Zaidi had joined the office ten days ago after availing two-week medical leave. But since January 20, he was not actively looking after his work and delegated many routine functions to the member, Inland Revenue Policy and the member, Administration.
He had already asked his senior officers to attend the upcoming IMF meetings.
Zaidi joined the office on January 20 on the desire of Prime Minister Imran Khan and at that time he, too, was reluctant to come back, according to the sources.
In May last year, Prime Minister Imran Khan had appointed Shabbar Zaidi despite strong resistance from within the FBR. Zaidi tried to change the FBR’s culture and also introduced some good policy initiatives.
Before becoming the FBR chairman, Zaidi was working as senior partner at AF Ferguson Chartered Accountancy firm.
Zaidi’s efforts were marred by unrealistically ambitious revenue collection target of Rs5.5 trillion amidst low economic growth period, lack of focus on structural and administrative reforms and go-slow policy adopted by the tax machinery.
Although it was not clear whether Shabbar Zaidi would return to the office, the government does not have the luxury of time due to upcoming talks with the International Monetary Fund and preparations for a mini-budget to meet the revenue shortfalls.
The policy-level talks between Pakistan and the IMF would begin from Monday and one of the contentious issues will be the performance of the FBR.
The IMF has already cut the FBR’s tax collection target by Rs310 billion to Rs5.238 trillion.
The sources said the IMF was putting immense pressure on Pakistan to take additional revenue measures to achieve the Rs5.238 trillion downward revised target.
The FBR’s Member IR Policy has given a presentation to key state functionaries on the possible contours of the new mini budget, sources told The Express Tribune.
They said initially the government was targeting to withdraw sales tax exemptions.
However, due to the prevailing political conditions the political leadership was reluctant to impose heavy new taxes after slapping Rs735 billion worth of taxes hardly seven months ago.
January has turned out to be the worst month for the FBR, as it is set to face a revenue shortfall of around Rs100 billion in a single month.
As of second last day of the month, the FBR provisionally collected Rs290 billion as against the monthly target of Rs425 billion.
Against the original seven-month target of Rs2.78 trillion, the FBR has so far provisionally collected Rs2.375 trillion.
It is expected to generate Rs35 billion today (Friday), which is the last day of January.

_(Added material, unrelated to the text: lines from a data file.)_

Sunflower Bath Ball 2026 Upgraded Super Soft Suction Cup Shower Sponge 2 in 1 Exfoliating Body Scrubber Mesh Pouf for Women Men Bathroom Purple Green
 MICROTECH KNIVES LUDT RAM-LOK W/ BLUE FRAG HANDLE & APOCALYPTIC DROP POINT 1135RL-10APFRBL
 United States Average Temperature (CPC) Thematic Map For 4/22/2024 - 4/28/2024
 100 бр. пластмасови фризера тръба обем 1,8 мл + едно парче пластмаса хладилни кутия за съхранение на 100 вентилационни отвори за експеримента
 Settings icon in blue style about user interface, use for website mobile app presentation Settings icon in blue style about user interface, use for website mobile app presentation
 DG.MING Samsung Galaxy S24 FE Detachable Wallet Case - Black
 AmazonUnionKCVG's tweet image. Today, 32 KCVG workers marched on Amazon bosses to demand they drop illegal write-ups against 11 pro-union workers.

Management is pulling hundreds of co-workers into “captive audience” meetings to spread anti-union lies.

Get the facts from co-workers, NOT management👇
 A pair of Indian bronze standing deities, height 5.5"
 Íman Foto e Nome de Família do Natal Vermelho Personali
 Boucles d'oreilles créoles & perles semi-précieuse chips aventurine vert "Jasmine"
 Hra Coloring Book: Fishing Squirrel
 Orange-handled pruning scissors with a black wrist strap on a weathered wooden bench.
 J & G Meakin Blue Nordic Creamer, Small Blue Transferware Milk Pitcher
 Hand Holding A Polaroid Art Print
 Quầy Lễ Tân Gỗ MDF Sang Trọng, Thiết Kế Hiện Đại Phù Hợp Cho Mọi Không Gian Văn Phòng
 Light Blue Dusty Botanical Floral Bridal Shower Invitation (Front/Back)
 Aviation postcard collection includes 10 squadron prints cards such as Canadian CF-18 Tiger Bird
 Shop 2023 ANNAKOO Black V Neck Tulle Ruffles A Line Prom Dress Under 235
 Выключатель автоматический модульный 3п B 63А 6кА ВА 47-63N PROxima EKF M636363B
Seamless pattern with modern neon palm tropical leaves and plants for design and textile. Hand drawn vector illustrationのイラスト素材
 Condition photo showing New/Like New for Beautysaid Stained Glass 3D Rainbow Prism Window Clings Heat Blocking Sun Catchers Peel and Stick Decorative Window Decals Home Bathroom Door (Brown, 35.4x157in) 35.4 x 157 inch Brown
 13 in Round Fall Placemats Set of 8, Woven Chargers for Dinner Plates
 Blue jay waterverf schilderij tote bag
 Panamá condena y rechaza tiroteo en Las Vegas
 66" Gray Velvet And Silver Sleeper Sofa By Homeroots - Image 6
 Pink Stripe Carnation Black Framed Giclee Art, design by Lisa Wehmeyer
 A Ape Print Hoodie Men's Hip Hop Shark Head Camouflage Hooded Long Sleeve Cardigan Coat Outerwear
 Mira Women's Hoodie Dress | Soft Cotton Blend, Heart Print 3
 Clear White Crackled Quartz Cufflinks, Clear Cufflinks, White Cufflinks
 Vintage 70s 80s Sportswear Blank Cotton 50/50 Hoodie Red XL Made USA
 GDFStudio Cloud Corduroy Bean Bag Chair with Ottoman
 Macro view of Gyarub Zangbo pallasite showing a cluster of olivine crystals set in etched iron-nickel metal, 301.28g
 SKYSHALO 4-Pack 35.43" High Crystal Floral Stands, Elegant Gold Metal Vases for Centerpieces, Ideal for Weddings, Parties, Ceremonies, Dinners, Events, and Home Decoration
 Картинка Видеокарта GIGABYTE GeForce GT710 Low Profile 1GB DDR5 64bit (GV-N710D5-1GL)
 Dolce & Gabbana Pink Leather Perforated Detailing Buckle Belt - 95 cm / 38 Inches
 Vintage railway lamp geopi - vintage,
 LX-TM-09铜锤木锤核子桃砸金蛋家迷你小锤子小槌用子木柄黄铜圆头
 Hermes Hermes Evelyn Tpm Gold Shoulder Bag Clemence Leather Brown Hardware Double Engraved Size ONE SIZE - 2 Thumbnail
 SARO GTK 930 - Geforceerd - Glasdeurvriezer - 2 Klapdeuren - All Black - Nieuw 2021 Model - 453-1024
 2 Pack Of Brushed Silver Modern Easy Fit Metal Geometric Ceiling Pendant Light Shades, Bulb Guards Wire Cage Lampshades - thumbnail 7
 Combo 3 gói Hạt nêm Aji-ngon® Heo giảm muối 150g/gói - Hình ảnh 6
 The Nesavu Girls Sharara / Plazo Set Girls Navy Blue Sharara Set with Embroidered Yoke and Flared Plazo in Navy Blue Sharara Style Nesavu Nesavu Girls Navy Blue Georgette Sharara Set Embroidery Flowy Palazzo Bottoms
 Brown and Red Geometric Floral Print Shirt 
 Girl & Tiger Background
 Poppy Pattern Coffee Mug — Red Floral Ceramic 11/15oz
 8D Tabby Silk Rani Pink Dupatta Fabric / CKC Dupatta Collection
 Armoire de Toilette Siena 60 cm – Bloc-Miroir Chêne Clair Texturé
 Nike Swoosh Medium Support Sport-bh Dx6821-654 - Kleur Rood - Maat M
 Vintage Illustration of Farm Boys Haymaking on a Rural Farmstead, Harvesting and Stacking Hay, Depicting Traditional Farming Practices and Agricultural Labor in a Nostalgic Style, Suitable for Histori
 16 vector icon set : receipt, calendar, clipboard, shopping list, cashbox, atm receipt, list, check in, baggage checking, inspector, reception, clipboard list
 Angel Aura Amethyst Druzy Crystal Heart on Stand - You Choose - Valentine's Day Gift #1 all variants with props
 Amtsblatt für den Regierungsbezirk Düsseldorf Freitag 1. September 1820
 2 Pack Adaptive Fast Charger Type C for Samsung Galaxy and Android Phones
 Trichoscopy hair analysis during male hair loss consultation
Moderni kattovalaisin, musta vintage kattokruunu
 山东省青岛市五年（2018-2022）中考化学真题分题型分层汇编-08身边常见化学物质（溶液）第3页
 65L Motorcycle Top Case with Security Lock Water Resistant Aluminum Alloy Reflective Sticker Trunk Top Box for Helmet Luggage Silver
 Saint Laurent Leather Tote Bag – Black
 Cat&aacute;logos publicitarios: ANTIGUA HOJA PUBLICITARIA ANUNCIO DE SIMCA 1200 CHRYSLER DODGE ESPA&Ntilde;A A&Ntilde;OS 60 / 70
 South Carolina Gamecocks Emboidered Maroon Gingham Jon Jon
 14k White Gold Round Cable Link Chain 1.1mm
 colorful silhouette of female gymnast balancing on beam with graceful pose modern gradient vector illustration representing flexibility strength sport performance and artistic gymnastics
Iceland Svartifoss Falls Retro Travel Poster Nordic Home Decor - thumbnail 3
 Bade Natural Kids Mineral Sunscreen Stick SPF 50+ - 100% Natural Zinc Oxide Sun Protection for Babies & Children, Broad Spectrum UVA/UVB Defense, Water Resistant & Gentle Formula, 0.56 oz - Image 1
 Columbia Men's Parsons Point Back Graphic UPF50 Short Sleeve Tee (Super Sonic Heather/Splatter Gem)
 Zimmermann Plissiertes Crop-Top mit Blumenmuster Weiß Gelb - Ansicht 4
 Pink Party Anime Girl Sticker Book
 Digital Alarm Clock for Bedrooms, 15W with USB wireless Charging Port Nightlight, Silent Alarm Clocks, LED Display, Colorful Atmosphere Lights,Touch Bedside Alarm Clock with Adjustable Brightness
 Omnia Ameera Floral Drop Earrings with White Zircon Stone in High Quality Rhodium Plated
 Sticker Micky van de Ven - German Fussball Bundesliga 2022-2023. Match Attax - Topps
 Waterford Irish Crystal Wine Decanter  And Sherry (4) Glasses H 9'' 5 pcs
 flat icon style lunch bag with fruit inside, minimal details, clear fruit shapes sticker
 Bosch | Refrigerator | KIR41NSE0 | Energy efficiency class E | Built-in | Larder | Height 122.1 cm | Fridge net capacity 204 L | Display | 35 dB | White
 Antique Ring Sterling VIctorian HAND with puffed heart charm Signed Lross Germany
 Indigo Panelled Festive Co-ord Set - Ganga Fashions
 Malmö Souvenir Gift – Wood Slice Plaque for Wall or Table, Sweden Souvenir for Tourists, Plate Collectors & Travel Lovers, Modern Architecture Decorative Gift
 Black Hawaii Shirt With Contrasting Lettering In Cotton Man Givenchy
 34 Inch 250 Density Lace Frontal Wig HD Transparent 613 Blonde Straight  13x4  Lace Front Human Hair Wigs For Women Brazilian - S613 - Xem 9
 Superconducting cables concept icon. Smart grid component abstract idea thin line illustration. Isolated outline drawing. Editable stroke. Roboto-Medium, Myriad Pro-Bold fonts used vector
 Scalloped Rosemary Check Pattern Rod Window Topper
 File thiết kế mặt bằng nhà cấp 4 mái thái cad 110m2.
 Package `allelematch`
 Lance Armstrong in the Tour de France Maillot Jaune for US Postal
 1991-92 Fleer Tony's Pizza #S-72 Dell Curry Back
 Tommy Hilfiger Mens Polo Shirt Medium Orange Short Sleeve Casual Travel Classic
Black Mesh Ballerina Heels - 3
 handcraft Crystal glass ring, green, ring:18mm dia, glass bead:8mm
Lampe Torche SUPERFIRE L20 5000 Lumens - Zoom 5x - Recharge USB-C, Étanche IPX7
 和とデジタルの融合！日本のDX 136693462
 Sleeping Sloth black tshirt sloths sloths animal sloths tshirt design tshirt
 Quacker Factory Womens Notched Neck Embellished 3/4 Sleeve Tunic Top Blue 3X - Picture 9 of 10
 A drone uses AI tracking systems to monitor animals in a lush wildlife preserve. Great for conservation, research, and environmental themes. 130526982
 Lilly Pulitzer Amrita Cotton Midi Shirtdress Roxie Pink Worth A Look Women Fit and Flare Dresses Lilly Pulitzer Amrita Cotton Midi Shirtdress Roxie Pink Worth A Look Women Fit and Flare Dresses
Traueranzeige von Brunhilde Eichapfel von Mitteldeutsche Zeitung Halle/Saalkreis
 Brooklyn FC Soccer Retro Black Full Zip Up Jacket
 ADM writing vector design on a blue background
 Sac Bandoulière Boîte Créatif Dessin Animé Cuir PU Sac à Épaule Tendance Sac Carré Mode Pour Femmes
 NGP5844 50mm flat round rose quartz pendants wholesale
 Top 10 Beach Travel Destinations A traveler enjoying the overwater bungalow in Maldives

The cumulative shortfall in tax collection in seven months against the original target is going to be Rs370 billion.
The sources said work was already underway for replacing the chairman due to his health issues and low performance by the FBR.
Member, Administration, Nausheen Amjad Javed and Member, Customs Policy, Javed Ghani could be strong contenders for the post.
However, the sources said that the authorities were also considering the names of two other candidates -- both of them are not currently serving in the FBR headquarter.
One is in grade-21 and the other is in grade-22 belonging to the Inland Revenue Service Group.
One of the weak points of Shabbar Zaidi was that he did not replace some of the FBR members despite their poor performance.
The FBR’s Member, IR Operations, is also currently on leave for the last about three weeks.